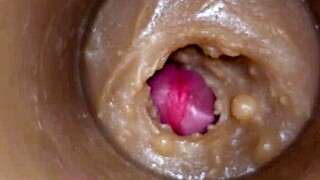 Watch me inject huge sperm load right into her pussy with this toy cam up close 4K!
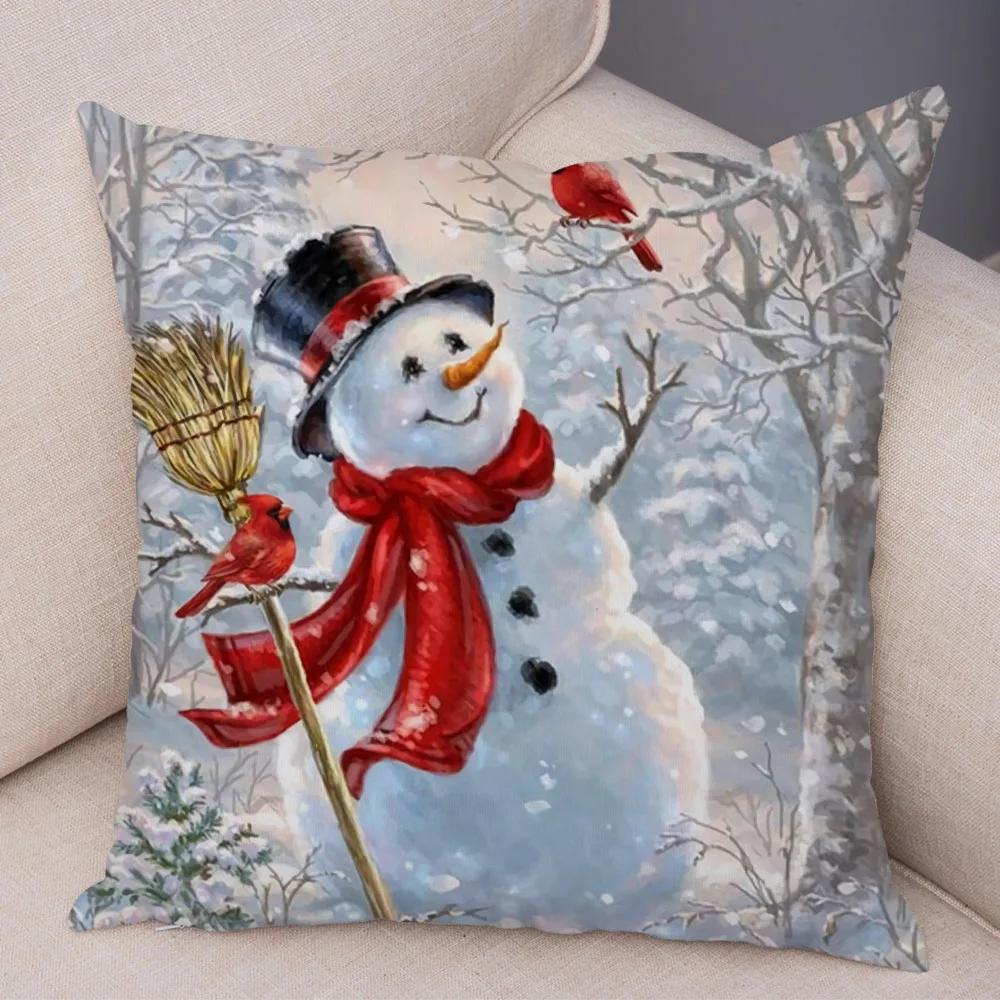 50 Style Merry Christmas Cushion Cover Decor Cute Cartoon Santa Claus Snowman Pillow Case Soft Plush Pillowcase for Sofa Home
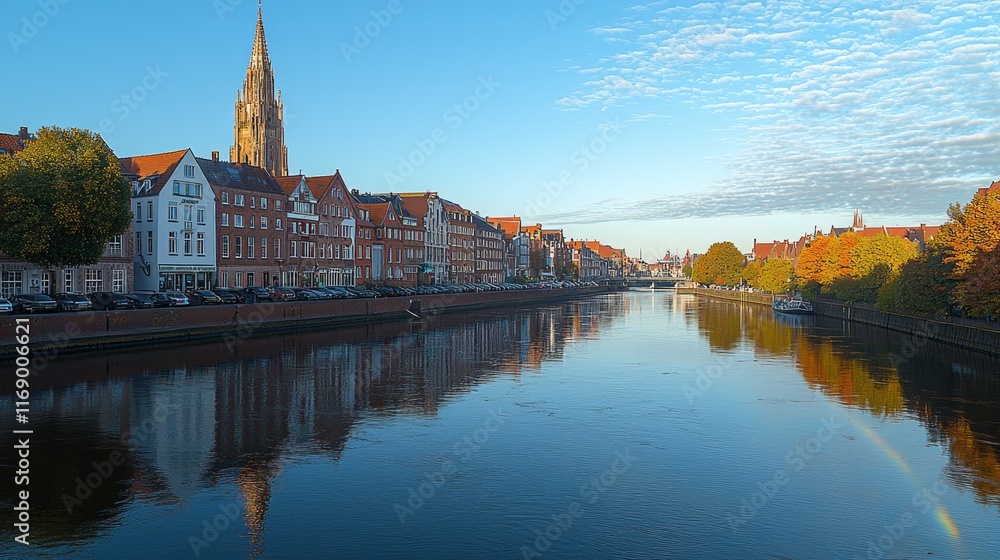 Fototapeta premium Scenic river reflecting autumnal cityscape with church spire and rainbow.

▬▬▬▬▬▬▬▬▬▬

◆ **WORK INSTRUCTIONS**
Give the data above back unchanged, except for the pictures.

◆ **ANSWER TO THE PROBLEM**
 Watch me inject huge sperm load right into her pussy with this toy cam up close 4K!
 50 Style Merry Christmas Cushion Cover Decor Cute Cartoon Santa Claus Snowman Pillow Case Soft Plush Pillowcase for Sofa Home
 Fototapeta premium Scenic river reflecting autumnal cityscape with church spire and rainbow.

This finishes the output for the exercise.